The key words "MUST", "MUST NOT", "REQUIRED", "SHALL", "SHALL NOT", "SHOULD", "SHOULD NOT", "RECOMMENDED", "MAY", and "OPTIONAL" in this document are to be interpreted as described in [RFC2119].

Status of This Memo

This Internet-Draft is submitted in full conformance with the provisions of BCP 78 and BCP 79.

Internet-Drafts are working documents of the Internet Engineering Task Force (IETF). Note that other groups may also distribute working documents as Internet-Drafts. The list of current Internet-Drafts is at http://datatracker.ietf.org/drafts/current/.

Internet-Drafts are draft documents valid for a maximum of six months and may be updated, replaced, or obsoleted by other documents at any time. It is inappropriate to use Internet-Drafts as reference material or to cite them other than as "work in progress."

This Internet-Draft will expire on June 16, 2016.

Copyright Notice

Copyright (c) 2015 IETF Trust and the persons identified as the document authors. All rights reserved.

This document is subject to BCP 78 and the IETF Trust's Legal Provisions Relating to IETF Documents (http://trustee.ietf.org/license-info) in effect on the date of publication of this document. Please review these documents carefully, as they describe your rights and restrictions with respect to this document. Code Components extracted from this document must include Simplified BSD License text as described in Section 4.e of the Trust Legal Provisions and are provided without warranty as described in the Simplified BSD License.


Table of Contents

1. Introduction

Link State IGP protocols are based on a topology database on which a SPF (Shortest Path First) algorithm like Dijkstra is implemented to find the optimal routing paths.

Specifications like IS-IS ([RFC1195]) propose some optimization of the route computation (See Appendix C.1) but not all the implementations are following those not mandatory optimizations.

We will call SPF trigger, the events that would lead to a new SPF computation based on the topology.

Link State IGP protocols, like OSPF ([RFC2328]) and IS-IS ([RFC1195]), are using plenty of timers to control the router behavior in case of churn : SPF delay, PRC delay, LSP generation delay, LSP flooding delay, LSP retransmission interval ...

Some of those timers are standardized in protocol specification, some are not especially the SPF computation related timers.

For non standardized timers, implementations are free to implement it in any way. For some standardized timer, we can also see that rather than using static configurable values for such timer , implementations may offer dynamically adjusted timers to help controlling the churn.

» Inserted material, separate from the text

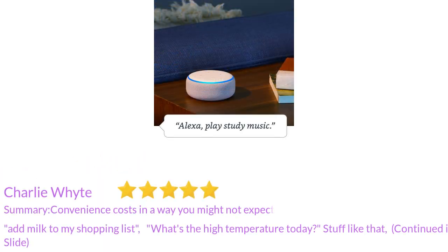Add milk to my shopping list. What's the high temperature today? Stuff like that.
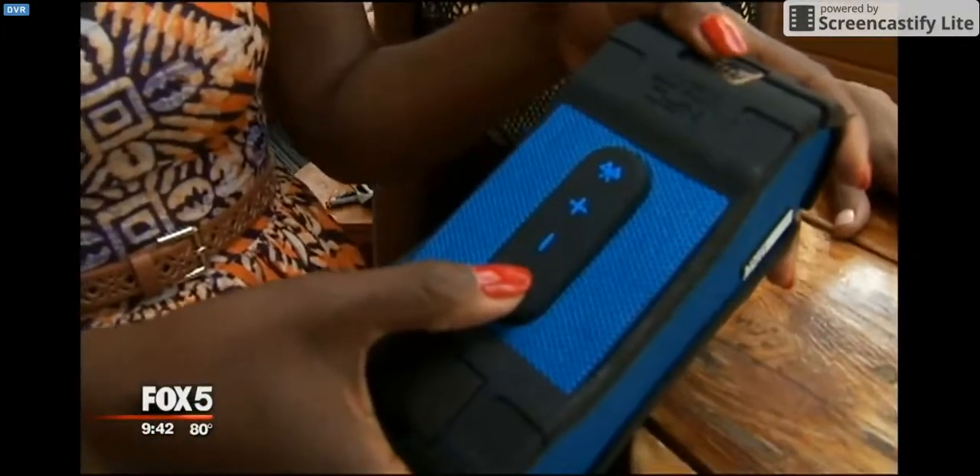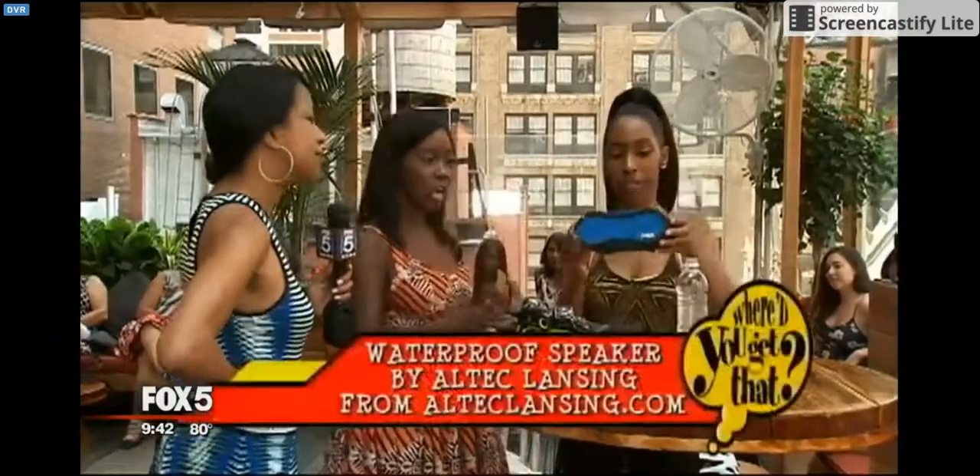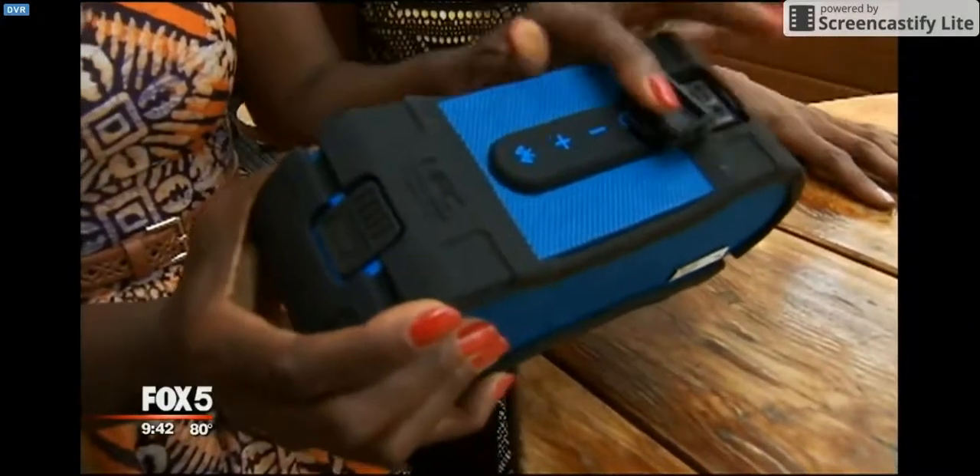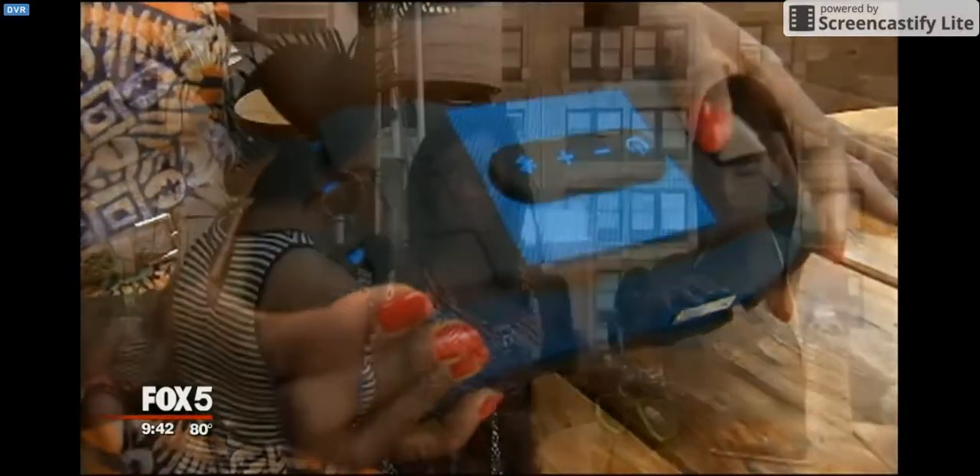You want to listen to your tunes, listen to some music, but you can't take your normal speaker to the beach. So we've got a wireless Bluetooth one here from alticlanding.com. You can get it wet. It'll float in the pool. It also will recharge your cell phone — it's got a built-in USB adapter. So you can plug it right in and charge your phone on the beach.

We will call SPF delay, the timer that exists in most implementations that specifies the required delay before running SPF computation after a SPF trigger is received.

A micro-loop is a packet forwarding loop that may occur transiently among two or more routers in a hop-by-hop packet forwarding paradigm. We can observe that these micro-loops are formed when two routers do not update their Forwarding Information Base (FIB) for a certain prefix at the same time. The micro-loop phenomenon is described in [I-D.ietf-rtgwg-microloop-analysis].

Some micro-loop mitigation techniques have been defined by IETF (e.g. [RFC6976], [I-D.ietf-rtgwg-uloop-delay]) but are not implemented due to complexity or are not providing a complete mitigation.

In multi vendor networks, using different implementations of a link state protocol may favor micro-loops creation during convergence time due to discrepancies of timers. Service Providers are already aware to use similar timers for all the network as best practice, but sometimes it is not possible due to limitation of implementations.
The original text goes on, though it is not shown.